AMC Networks International UK
- Formerly: Zone Vision; Zone Media; Chello Zone; AMC Networks International Zone;
- Company type: Division
- Industry: Television distribution
- Founded: 1991; 35 years ago
- Headquarters: London, England
- Key people: Chris Wronski
- Parent: AMC Networks International
- Website: Official website

= AMC Networks International UK =

EMEA division of AMC Networks International

AMC Networks International UK (EMEA), formerly Zone Vision, Zone Media, Chello Zone and AMC Networks International Zone (EMEA), is a British television media company founded in 1991 by Chris Wronski and owned by AMC Networks International as its EMEA hub that houses its asset interests in that region.

==History==
The company was founded to distribute television programmes in Eastern Europe, but now operates in 138 countries. They operate channels under 7 brands, albeit with some limited to specific countries, and provide 22 sound tracks across these.

Its English speaking-targeted channels show mainly US and Canadian imports as well as older BBC and ITV produced content; whereas its Central European stations show large quantities of recent British television. Original sound tracks are provided on most shows which are dubbed.

On 14 September 2009, it was revealed that the international arm of CBS, CBS Studios International, struck a joint venture deal with Chellomedia to launch six CBS-branded channels in the UK during 2009. The new channels would replace Zone Romantica, Zone Thriller, Zone Horror and Zone Reality, plus timeshift services Zone Horror +1 and Zone Reality +1. On 1 October 2009, it was announced that CBS Reality, CBS Reality +1, CBS Drama and CBS Action would launch on 16 November 2009 replacing Zone Reality, Zone Reality +1, Zone Romantica and Zone Thriller.

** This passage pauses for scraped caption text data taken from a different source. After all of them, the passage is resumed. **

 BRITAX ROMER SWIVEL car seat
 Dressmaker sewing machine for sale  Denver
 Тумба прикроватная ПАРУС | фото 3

On 5 April 2010, Zone Horror was rebranded as Horror Channel, following the rebrand of the portfolio's other three channels in November 2009. On-air the channel name appears as Horror. The rebrand was produced by Chello Zone's in-house creative services team.

On 1 August 2012 Chellomedia revealed that the European versions of the Chello Zone channels would be rebranded into CBS Reality, CBS Drama and CBS Action as well.

On 28 October 2013, AMC Networks announced it would acquire Chellomedia (apart from its Benelux division) from Liberty Global, for around $1.04 billion. This acquisition was completed 11 February 2014.

In April 2014 it was announced that AMC Networks has acquired Kinowelt TV. A renaming of the channel is currently not planned.

On 8 July 2014, AMC Networks renamed Chellomedia as AMC Networks International and Chello Zone as AMC Networks International Zone (later dropping the 'Zone' for 'UK').

In June 2022, it was announced that AMC would drop the CBS branding from the channels owned in a joint-venture with Paramount Global in a reshuffle of their portfolio. CBS Justice closed down, with its slot being taken over by a new channel called Legend on 30 June 2022. Legend features the majority of the sci-fi, fantasy and horror programming found on Horror, with a dedicated horror sister channel only operating in the evening under the name Horror Xtra. In addition, their Reality channel would get a sister channel as CBS Drama was closed and replaced by Reality Xtra.

In August 2023, it was announced that the AMC UK channel, including all Catch Up Content, would be removed from BT TV on 28 September.

==Channels==

=== Current ===
- AMC (African and Middle Eastern TV channel)
- AMC (European TV channel)
- True Crime (joint venture with Paramount Networks UK & Australia)
  - True Crime +1 (joint venture with Paramount Networks UK & Australia)
- True Crime Xtra (joint venture with Paramount Networks UK & Australia)
- Legend (joint venture with Paramount Networks UK & Australia)
  - Legend +1 (joint venture with Paramount Networks UK & Australia)
- LegendXtra (joint venture with Paramount Networks UK & Australia)
  - LegendXtra +1 (joint venture with Paramount Networks UK & Australia)
- Sundance TV (Europe)

===Former===
- MGM Channel
- Outdoor Channel (joint venture with Outdoor Channel Holdings Inc.)
- Zone Club
- Sundance TV (Africa)
- Sundance TV (Middle East)
- Zone Europa
- Zone Fantasy
- Zone Horror
- Zone Reality
- Zone Reality Extra
- Zone Reality +1
- Zone Romantica
- Zone Thriller
- EVA
- EVA+
- Extreme Sports Channel
- CBS Justice (joint venture with Paramount Networks UK & Australia)
- CBS Reality (joint venture with Paramount Networks UK & Australia)

== Logos ==

Zone Vision first logo used from 1991 to 2005
Chello Zone's final logo used from 2006 until 8 July 2014.
Logo of AMC Networks International used from 2014.